Nadina negó con la cabeza.

—No, no; no es así como ocurrirá. Escucha, amigo mío: mañana me voy a Londres.

—Pero, ¿y tu contrato aquí?

—Sólo estaré ausente una noche. Y marcho de incógnito, como una reina. Nadie sabrá jamás que he salido de Francia. Y, ¿por qué crees que marcho?

—Mal puede ser por gusto en esta época del año. Enero, ¡un mes detestable y nebuloso! Será por interés, supongo.

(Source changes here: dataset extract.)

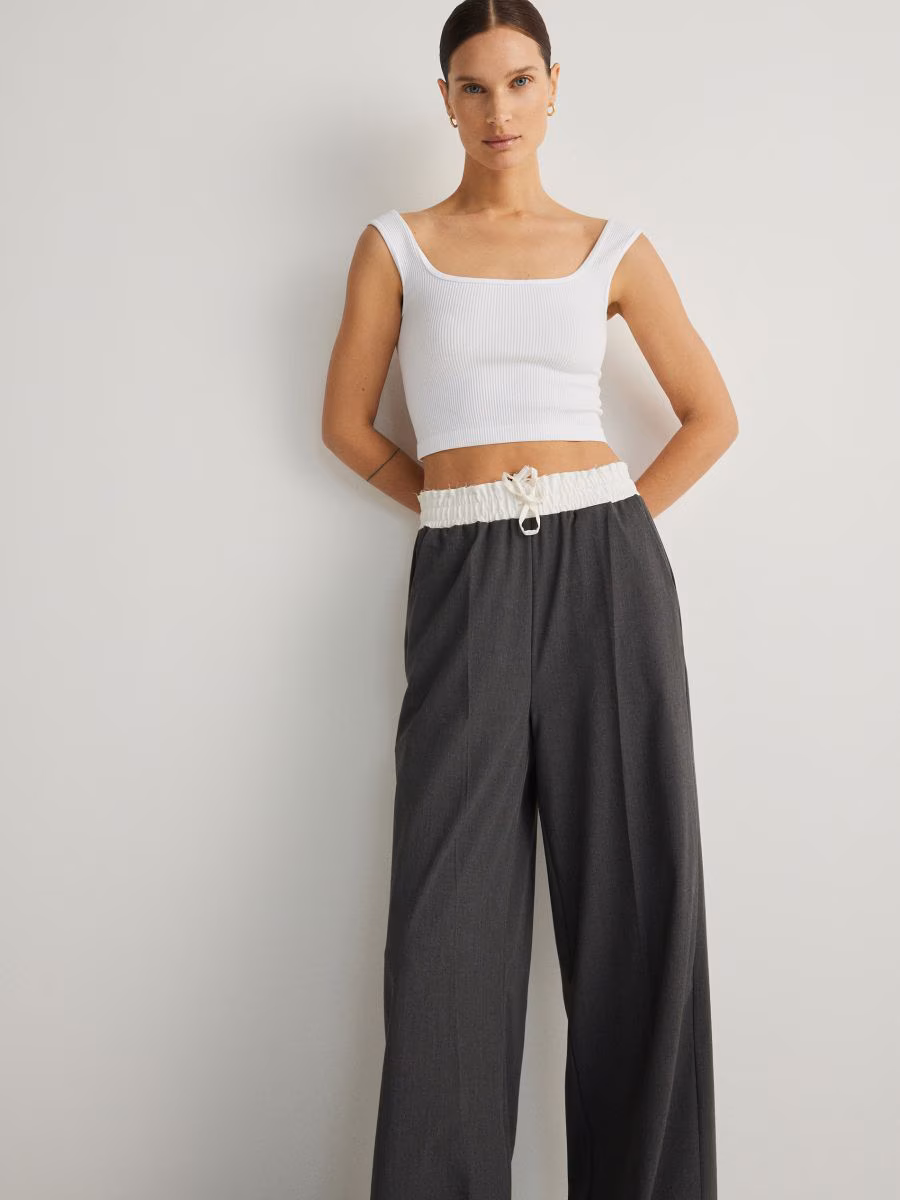 Trousers With Contrast Insert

—Justo —se puso en pie ante él, arrogante de orgullo su grácil silueta—. Dijiste, no ha mucho, que ninguno de nosotros tenía cosa alguna que pudiera comprometer al jefe. Te equivocas. Tengo algo yo. Yo, una mujer, he tenido el ingenio, yo, sí, el valor (porque hace falta valor), de traicionarle. ¿Recuerdas los diamante de De Beer?

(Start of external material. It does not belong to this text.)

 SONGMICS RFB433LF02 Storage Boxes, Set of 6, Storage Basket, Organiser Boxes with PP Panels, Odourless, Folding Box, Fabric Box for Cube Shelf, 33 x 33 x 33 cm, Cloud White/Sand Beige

—Sí, los recuerdo, en Kimberley, y poco antes de que estallara la guerra, ¿verdad? Yo no tuve nada que ver con el asunto, y nunca oí los detalles. Se echó tierra sobre el asunto Dios sabe por qué razón. ¿No es cierto? Un golpe magnífico, por añadidura.

—Piedras por valor de cien mil libras esterlinas. Dimos el golpe entre dos... bajo las órdenes del «Coronel», claro está. El plan era substituir alguno de los diamantes de De Beer con unos diamantes de muestra traídos de América del Sur por dos jóvenes mineros que acertaban a hallarse en Kimberley por entonces. Así, era seguro que las sospechas recaerían sobre ellos.

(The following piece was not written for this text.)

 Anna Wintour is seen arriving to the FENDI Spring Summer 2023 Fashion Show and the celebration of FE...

—Muy ingenioso —interpeló el conde, con aprobación.

—El «Coronel» es ingenioso siempre. Bueno, pues hice mi parte... pero también hice algo que el «Coronel» no había previsto. Me reservé algunas de las piedras sudamericanas... algunas de ellas son únicas en su género y podría demostrarse fácilmente que jamás han pasado por las manos de De Beer. Con estos diamantes en mis manos, tengo a mi estimado jefe en mi poder. Una vez demostrada la inocencia de los dos jóvenes, forzosamente ha de sospecharse que tuvo él mano en el asunto. No he dicho nada durante todos estos años. Me he conformado con saber que contaba con esta arma como reserva. Pero ahora la situación ha cambiado. Quiero que se me pague el precio que pida... y será grande. Casi puedo decir que será como para hacer ver visiones a cualquiera.

—Extraordinario —dijo el conde—. Y sin duda llevarás esos diamantes contigo siempre.

Su mirada erró dulcemente por el desordenado camarín.

Nadina rió, con no menos dulzura.

—No supongas cosa semejante. No soy imbécil. Los diamantes se hallan en lugar seguro donde a nadie se le ocurriría buscarlos.

—Jamás te creí imbécil, amiga mía; pero, ¿me es lícito insinuar que eres un poco temeraria? El «Coronel» no es de los que se someten mansamente a que se le haga víctima de un chantaje.